┌─ Data section

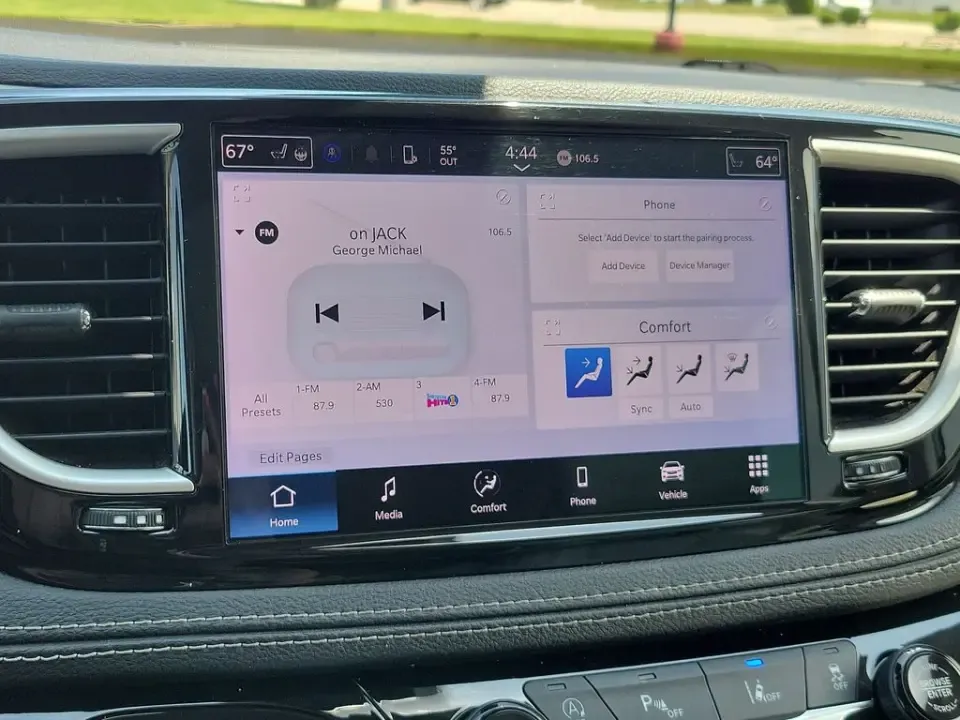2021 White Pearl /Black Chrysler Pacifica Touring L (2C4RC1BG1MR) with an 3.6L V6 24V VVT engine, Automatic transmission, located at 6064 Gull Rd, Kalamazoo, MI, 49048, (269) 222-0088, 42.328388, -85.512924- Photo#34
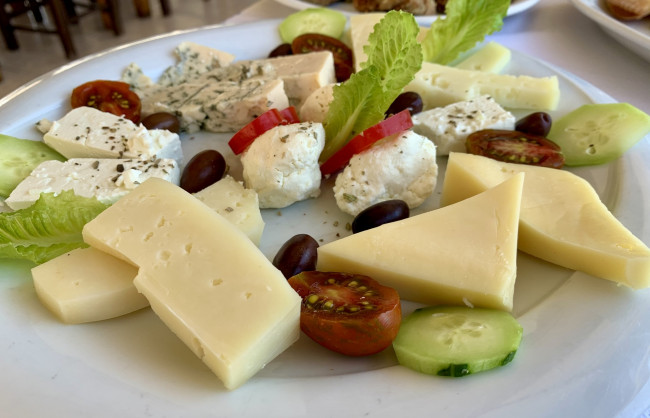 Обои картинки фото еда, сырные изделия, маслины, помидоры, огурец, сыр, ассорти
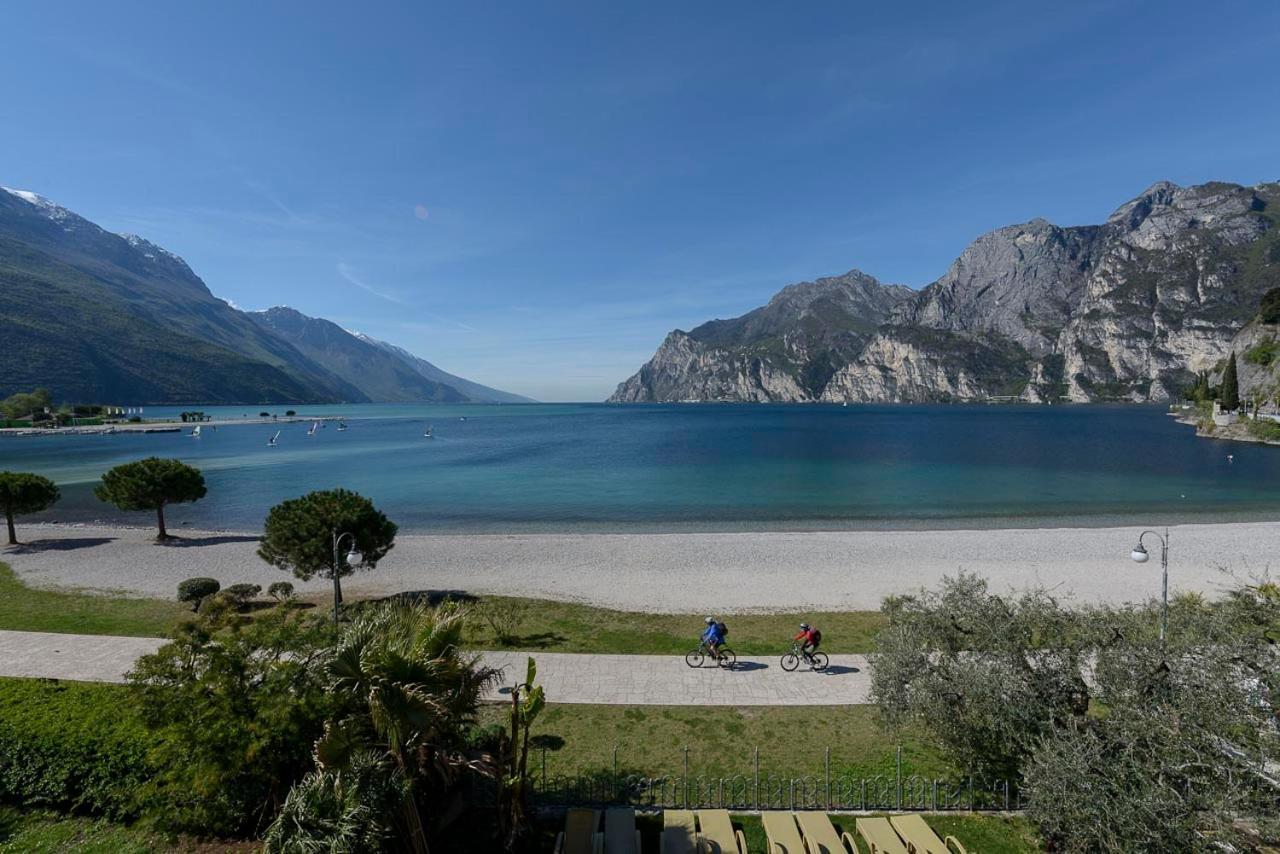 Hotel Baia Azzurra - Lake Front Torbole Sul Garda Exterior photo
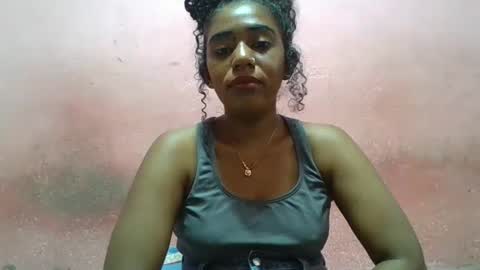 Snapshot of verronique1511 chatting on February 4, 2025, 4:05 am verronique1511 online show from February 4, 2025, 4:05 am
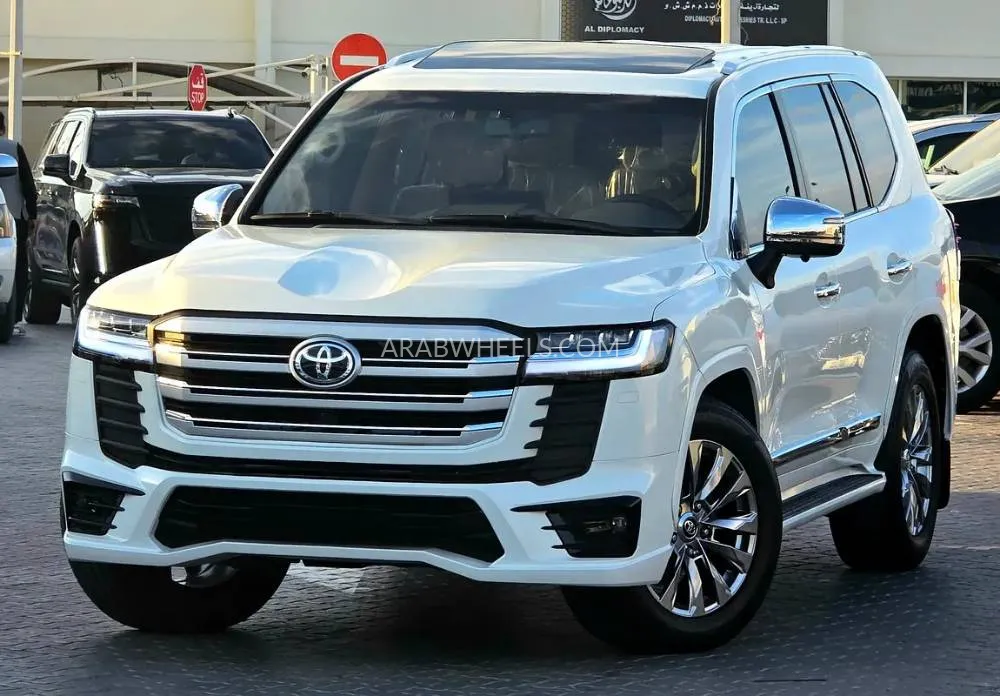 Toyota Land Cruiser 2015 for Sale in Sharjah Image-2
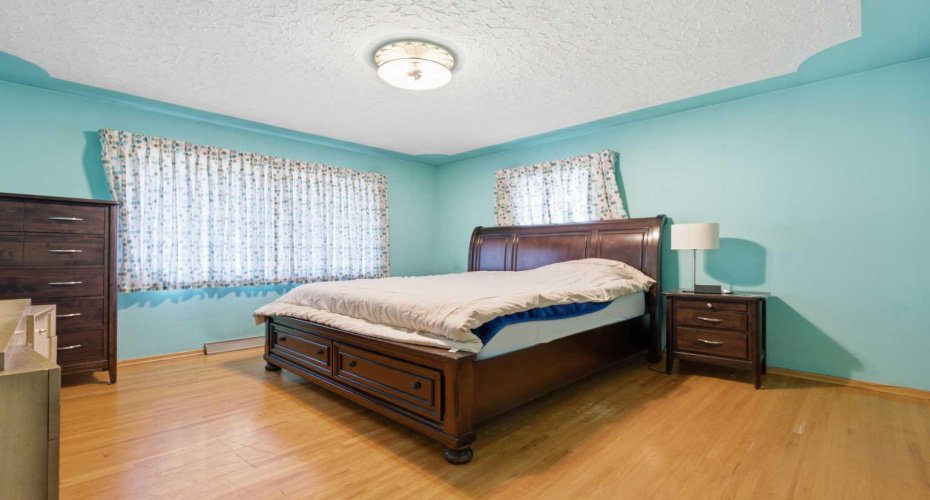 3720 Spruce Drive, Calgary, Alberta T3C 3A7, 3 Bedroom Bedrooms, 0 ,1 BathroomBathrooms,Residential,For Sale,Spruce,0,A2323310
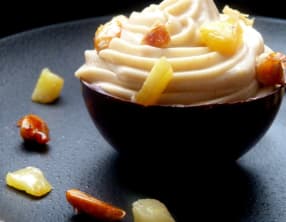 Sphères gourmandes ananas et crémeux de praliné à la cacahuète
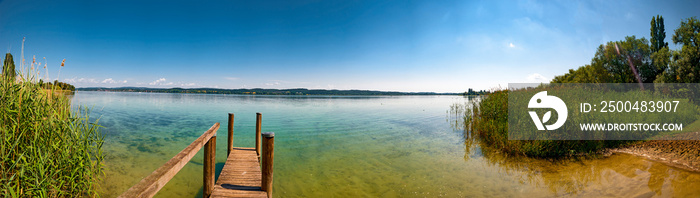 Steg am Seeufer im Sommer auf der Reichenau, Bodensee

└─

Task objective: You are asked to reproduce each line above exactly, but to exclude the pictures.

Solution:
2021 White Pearl /Black Chrysler Pacifica Touring L (2C4RC1BG1MR) with an 3.6L V6 24V VVT engine, Automatic transmission, located at 6064 Gull Rd, Kalamazoo, MI, 49048, (269) 222-0088, 42.328388, -85.512924- Photo#34
 Обои картинки фото еда, сырные изделия, маслины, помидоры, огурец, сыр, ассорти
 Hotel Baia Azzurra - Lake Front Torbole Sul Garda Exterior photo
 Snapshot of verronique1511 chatting on February 4, 2025, 4:05 am verronique1511 online show from February 4, 2025, 4:05 am
 Toyota Land Cruiser 2015 for Sale in Sharjah Image-2
 3720 Spruce Drive, Calgary, Alberta T3C 3A7, 3 Bedroom Bedrooms, 0 ,1 BathroomBathrooms,Residential,For Sale,Spruce,0,A2323310
 Sphères gourmandes ananas et crémeux de praliné à la cacahuète
 Steg am Seeufer im Sommer auf der Reichenau, Bodensee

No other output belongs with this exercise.